Start of Block

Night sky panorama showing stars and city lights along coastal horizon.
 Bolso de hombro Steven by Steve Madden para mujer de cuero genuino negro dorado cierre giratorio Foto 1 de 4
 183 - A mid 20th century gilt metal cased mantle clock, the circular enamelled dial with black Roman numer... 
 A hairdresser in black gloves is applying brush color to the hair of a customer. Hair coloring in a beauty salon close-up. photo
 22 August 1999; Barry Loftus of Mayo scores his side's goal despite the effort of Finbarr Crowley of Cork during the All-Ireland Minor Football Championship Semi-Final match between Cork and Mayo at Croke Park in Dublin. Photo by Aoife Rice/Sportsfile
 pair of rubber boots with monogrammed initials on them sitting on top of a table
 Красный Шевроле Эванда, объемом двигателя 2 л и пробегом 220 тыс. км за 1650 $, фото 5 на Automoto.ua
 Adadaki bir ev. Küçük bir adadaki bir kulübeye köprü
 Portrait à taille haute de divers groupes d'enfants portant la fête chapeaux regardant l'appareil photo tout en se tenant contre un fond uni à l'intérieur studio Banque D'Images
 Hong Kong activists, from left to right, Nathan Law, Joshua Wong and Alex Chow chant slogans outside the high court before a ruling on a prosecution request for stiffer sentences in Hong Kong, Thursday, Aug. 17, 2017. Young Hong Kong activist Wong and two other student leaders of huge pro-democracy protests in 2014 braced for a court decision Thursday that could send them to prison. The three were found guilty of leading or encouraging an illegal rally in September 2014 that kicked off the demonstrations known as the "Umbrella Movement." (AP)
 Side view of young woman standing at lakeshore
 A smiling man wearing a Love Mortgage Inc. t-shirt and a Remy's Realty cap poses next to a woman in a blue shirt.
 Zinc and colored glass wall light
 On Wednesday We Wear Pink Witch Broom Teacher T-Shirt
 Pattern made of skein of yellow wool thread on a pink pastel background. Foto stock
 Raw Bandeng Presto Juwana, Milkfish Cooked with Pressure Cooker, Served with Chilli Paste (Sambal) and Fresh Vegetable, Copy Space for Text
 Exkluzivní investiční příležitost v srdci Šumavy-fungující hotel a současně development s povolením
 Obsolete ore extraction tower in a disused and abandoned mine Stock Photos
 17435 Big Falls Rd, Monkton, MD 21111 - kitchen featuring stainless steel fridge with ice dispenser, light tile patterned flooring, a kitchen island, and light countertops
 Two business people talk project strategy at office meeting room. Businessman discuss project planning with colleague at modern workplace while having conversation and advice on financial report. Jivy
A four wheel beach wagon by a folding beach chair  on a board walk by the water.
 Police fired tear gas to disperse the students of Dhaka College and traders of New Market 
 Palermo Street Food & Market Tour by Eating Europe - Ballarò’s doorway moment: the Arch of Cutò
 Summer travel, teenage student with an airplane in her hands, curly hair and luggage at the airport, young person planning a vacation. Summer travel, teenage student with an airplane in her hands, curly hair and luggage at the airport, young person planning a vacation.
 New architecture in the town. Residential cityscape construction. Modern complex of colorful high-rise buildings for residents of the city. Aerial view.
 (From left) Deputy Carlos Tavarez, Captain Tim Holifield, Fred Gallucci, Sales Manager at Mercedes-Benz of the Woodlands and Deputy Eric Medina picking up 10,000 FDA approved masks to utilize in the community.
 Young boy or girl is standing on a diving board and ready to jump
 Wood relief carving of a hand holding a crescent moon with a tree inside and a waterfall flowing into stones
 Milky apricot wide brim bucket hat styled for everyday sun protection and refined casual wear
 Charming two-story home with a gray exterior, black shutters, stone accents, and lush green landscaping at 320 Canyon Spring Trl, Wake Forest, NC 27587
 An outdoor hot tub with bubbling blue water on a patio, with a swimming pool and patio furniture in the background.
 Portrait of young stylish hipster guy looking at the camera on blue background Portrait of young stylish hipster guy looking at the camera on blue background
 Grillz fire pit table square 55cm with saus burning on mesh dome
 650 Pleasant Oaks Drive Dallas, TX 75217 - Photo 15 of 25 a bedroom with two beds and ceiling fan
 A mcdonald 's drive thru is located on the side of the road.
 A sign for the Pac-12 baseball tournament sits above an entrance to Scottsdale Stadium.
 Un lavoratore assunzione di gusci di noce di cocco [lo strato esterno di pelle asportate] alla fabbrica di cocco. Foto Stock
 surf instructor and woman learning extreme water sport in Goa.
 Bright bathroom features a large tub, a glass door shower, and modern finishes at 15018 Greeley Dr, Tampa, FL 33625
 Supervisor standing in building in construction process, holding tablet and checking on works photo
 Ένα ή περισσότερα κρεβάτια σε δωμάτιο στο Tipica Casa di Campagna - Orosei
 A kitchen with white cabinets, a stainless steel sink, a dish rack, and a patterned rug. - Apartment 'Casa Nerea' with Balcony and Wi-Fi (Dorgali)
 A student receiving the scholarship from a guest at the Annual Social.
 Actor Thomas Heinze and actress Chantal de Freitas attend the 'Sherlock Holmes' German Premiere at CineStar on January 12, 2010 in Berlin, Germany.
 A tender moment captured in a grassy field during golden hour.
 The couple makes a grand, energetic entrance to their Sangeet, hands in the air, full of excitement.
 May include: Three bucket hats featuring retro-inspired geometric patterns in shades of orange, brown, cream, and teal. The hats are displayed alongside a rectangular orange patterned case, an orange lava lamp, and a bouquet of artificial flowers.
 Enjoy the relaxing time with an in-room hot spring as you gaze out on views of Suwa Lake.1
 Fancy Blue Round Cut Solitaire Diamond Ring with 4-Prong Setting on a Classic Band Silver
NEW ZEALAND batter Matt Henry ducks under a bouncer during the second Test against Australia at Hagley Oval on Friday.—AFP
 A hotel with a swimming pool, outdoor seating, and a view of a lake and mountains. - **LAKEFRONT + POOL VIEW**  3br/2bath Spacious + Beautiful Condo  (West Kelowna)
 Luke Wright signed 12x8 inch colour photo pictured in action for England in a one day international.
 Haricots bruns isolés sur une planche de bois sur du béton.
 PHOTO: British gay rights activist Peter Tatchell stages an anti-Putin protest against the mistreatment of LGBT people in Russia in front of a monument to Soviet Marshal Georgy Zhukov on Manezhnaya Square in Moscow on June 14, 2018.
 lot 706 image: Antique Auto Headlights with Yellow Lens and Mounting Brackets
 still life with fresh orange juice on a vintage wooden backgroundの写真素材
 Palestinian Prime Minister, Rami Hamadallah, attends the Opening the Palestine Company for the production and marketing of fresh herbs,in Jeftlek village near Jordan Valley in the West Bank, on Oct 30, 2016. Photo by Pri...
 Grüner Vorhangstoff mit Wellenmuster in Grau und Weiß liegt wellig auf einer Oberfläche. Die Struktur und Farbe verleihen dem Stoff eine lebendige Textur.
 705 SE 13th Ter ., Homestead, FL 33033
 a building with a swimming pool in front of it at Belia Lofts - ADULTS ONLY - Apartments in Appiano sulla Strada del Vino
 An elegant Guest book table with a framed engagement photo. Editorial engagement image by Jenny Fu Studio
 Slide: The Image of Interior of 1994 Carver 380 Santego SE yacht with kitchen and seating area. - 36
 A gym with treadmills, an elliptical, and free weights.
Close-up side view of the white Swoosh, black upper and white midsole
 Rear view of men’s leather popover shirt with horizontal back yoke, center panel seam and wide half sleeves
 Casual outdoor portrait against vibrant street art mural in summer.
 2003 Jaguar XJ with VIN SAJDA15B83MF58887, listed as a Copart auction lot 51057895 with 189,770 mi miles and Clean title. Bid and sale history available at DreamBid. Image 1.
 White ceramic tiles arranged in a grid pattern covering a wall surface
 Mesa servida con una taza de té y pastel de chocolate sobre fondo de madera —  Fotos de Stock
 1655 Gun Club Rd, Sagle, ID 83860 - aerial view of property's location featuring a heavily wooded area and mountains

End of Block

> _What to produce_
What you return must be the lines above that run from the line with "Rear view of" to the line with "Casual outdoor portrait", inclusive, each copied exactly.

> _Exercise solution_
 Rear view of men’s leather popover shirt with horizontal back yoke, center panel seam and wide half sleeves
 Casual outdoor portrait against vibrant street art mural in summer.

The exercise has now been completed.